Prime spéciale à problèmes
Le nerf de la frustration semble être la difficulté pour Françoise Mbango d’entrer en possession de la prime olympique de 80 millions Fcfa également décidée par le chef de l’Etat. Cette somme devrait lui permettre de se préparer pour les Jeux olympiques de 2008 à Pékin, à raison de 20 millions Fcfa par an. Ses propos laissent entendre que cet argent aurait pris des destinations floues. Difficile en tout cas de comprendre les blocages qui l’empêchent d’en jouir, alors que les 80 millions en question ont été inscrits au budget du Minsep. De sources crédibles ici confirment que l’athlète n’a jamais touché un centime de cette prime spéciale. Elles précisent toutefois que l’argent est à disposition, la bénéficiaire devant simplement se soumettre à certaines conditionnalités. On croit en effet savoir que la bourse ne devait pas être remise en mains propres comme se font la plupart des paiements dans le milieu. Il lui avait été demandé de donner les informations complètes sur son domicile et son lieu d’entraînement, afin de faciliter les procédures de virement utiles à sa prise en charge effective dans le cadre de la préparation des prochaines olympiades.
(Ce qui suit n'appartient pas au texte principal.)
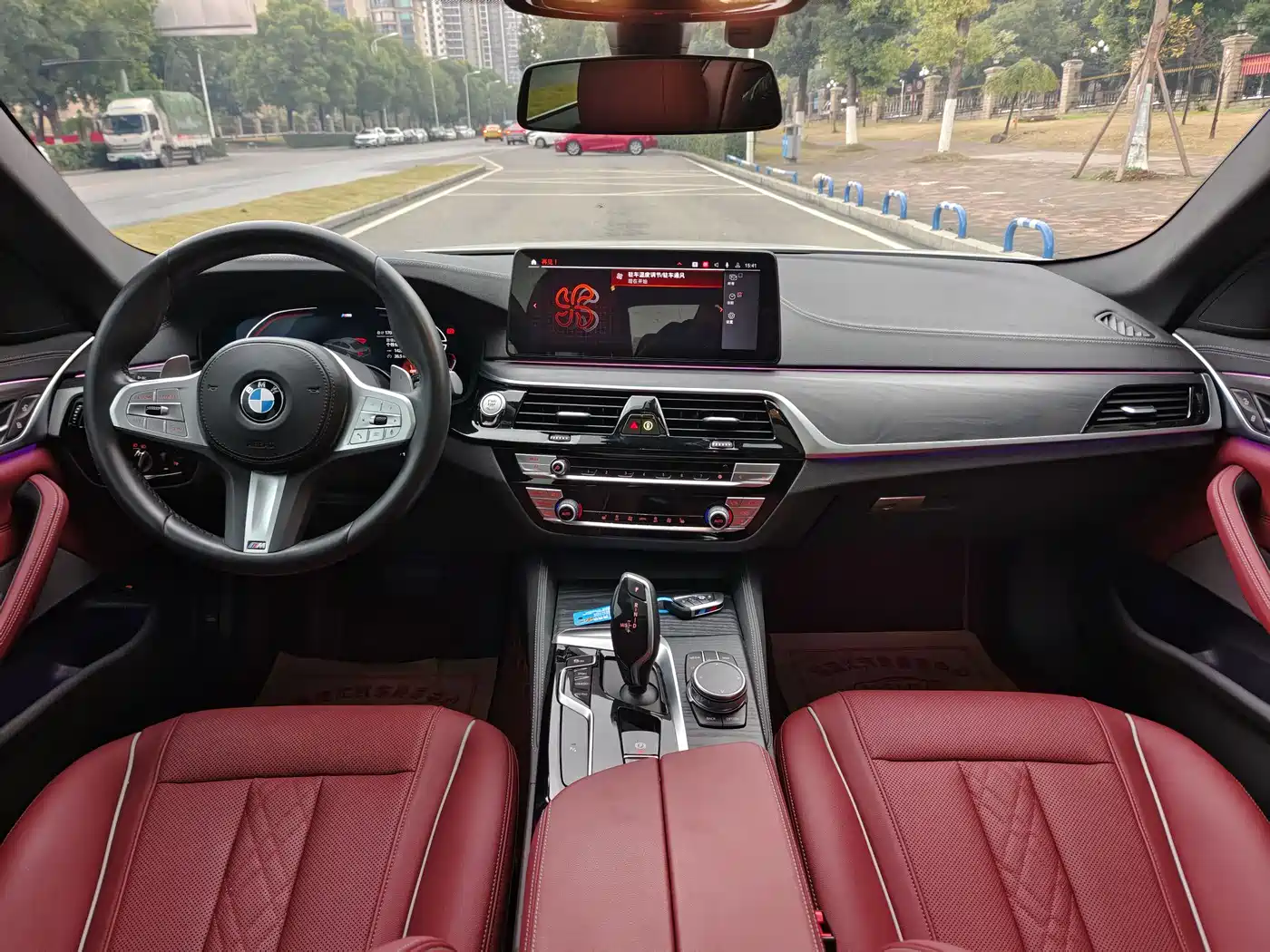 BMW 5 Series 2023 530Li Leading M Sport Package фото 18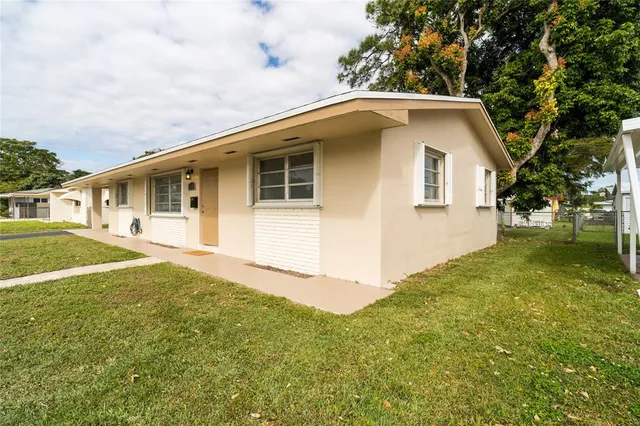 $525,000 | 6771 Southwest 10th Court, Pembroke Pines, FL 33023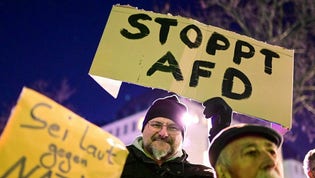 30 000 personer protesterade mot högernationalistiska AFD i Köln under tisdagskvällen. Fyra av tio tyskar vill utreda ett förbud mot partiet.
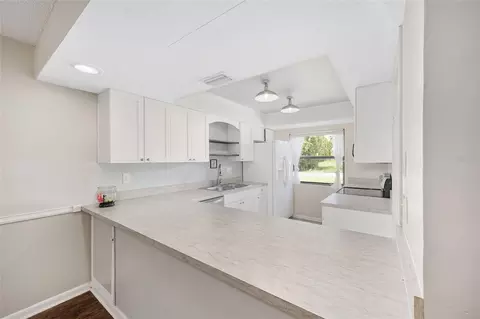 Kitchen - 10 Silver Dr, Ocala, FL 34472 photo 3 of 5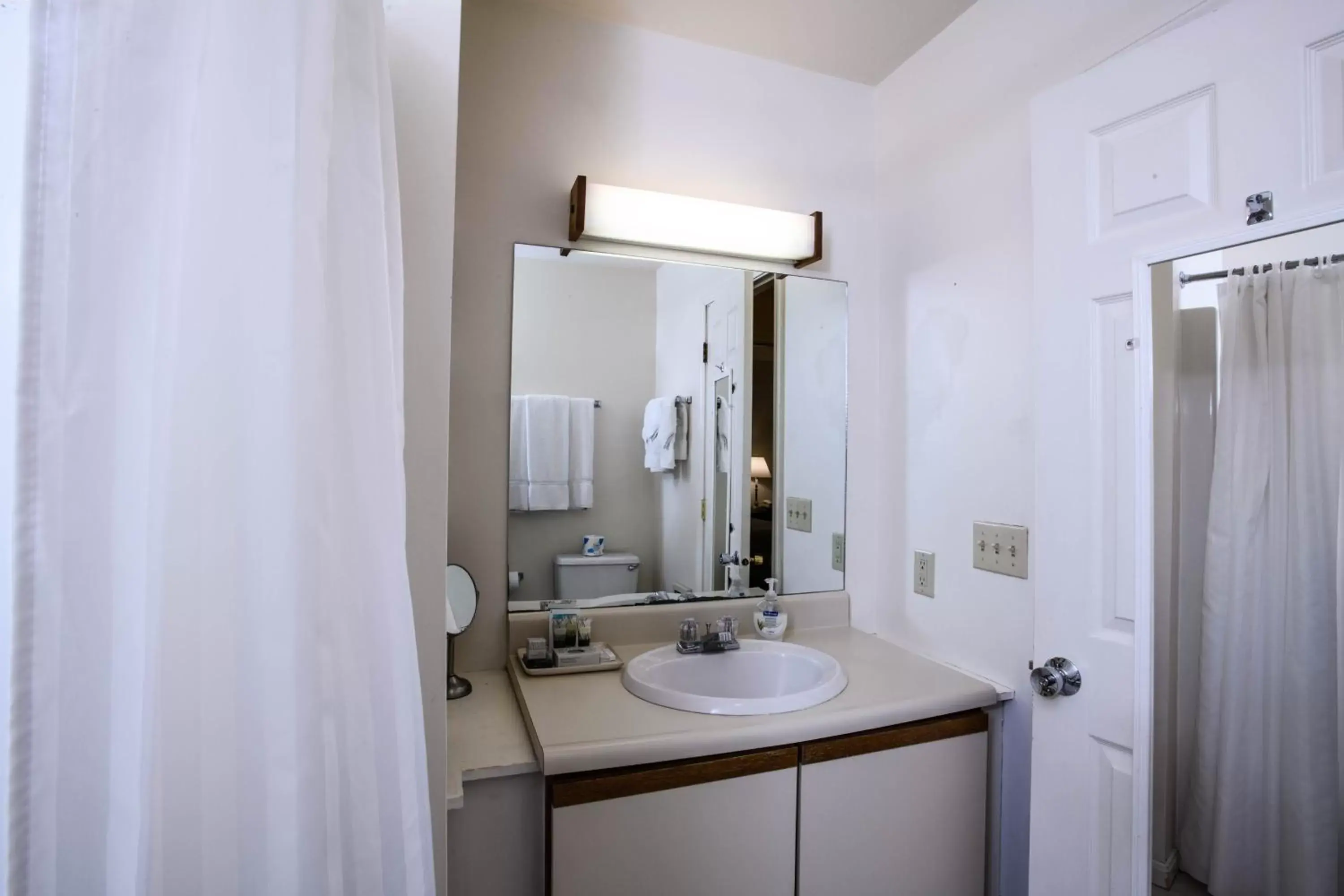 Bathroom in The Harraseeket Inn & Suites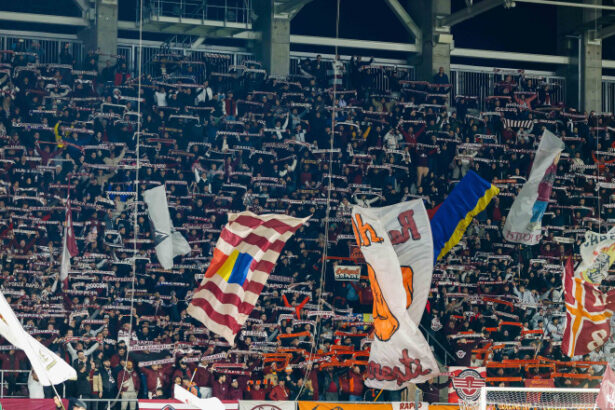 meciul rapid universitatea craiova oprit din cauza gazelor lacrimogene jandarmii au declansat accidental un pulverizator 69aee734476e0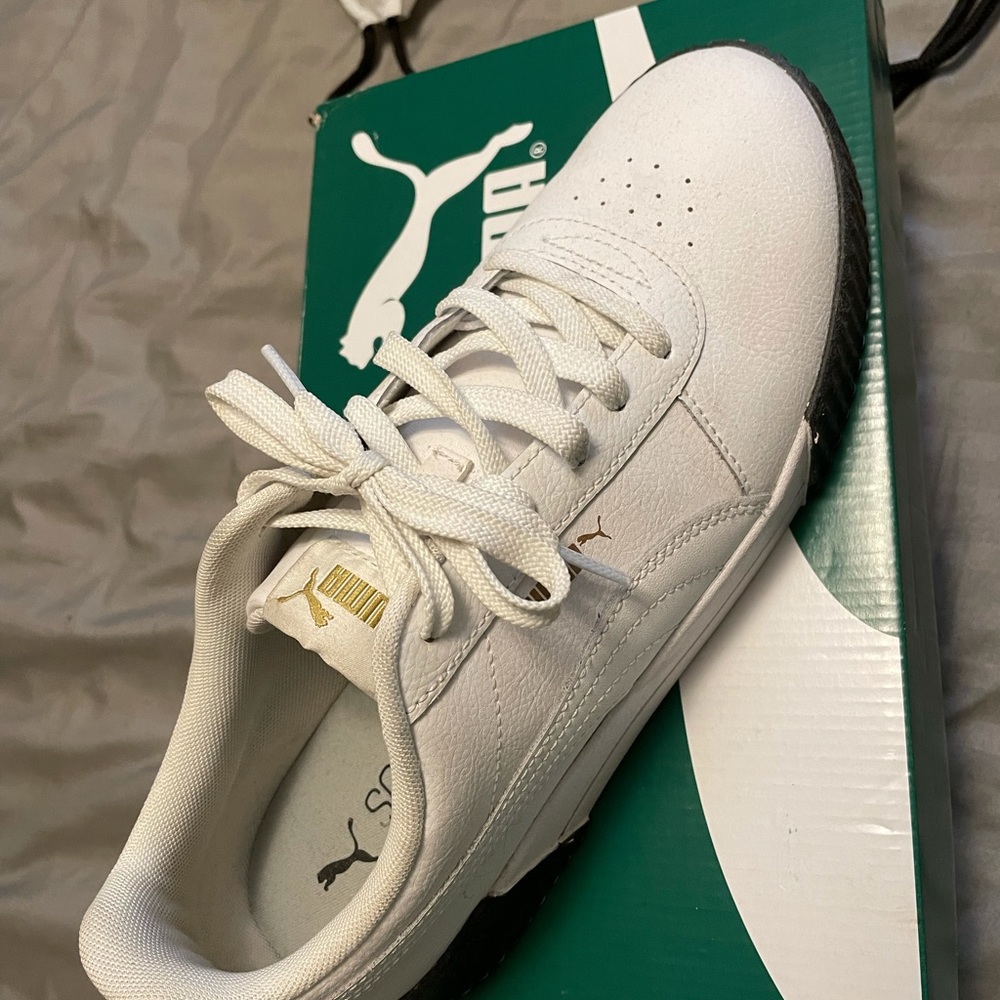 Women’s soft foam puma tennis shoes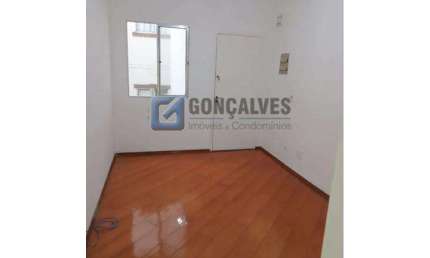 Casa com 3 quartos para alugar na ERNESTO PEDRON, R, Jardim Las Vegas, Santo André, 180 m2 por R$ 3.500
L’interview de Françoise Mbango à Rfi survient au moment où le Minsep et la Fédération camerounaise d’athlétisme étaient sans nouvelles de la star depuis plusieurs mois. Ces deux structures gagneraient à renforcer leur politique de communication, pour favoriser une meilleure circulation de l’information et anticiper sur ce type d’événement. Si elle décide en définitive de se lancer dans les études en communication ou marketing comme elle le dit, Françoise Mbango, qui attendrait un bébé (Cf. Mutations du 10 mars 2006), pourrait sans doute leur être utile…Nous ne désespérons pas d'entrer en contact avec la triple sauteuse pour avoir quelques détails sur la philosophie qu'elle développe et, éventuellement ses réponses à ces chiffres qui semblent trahir son discours.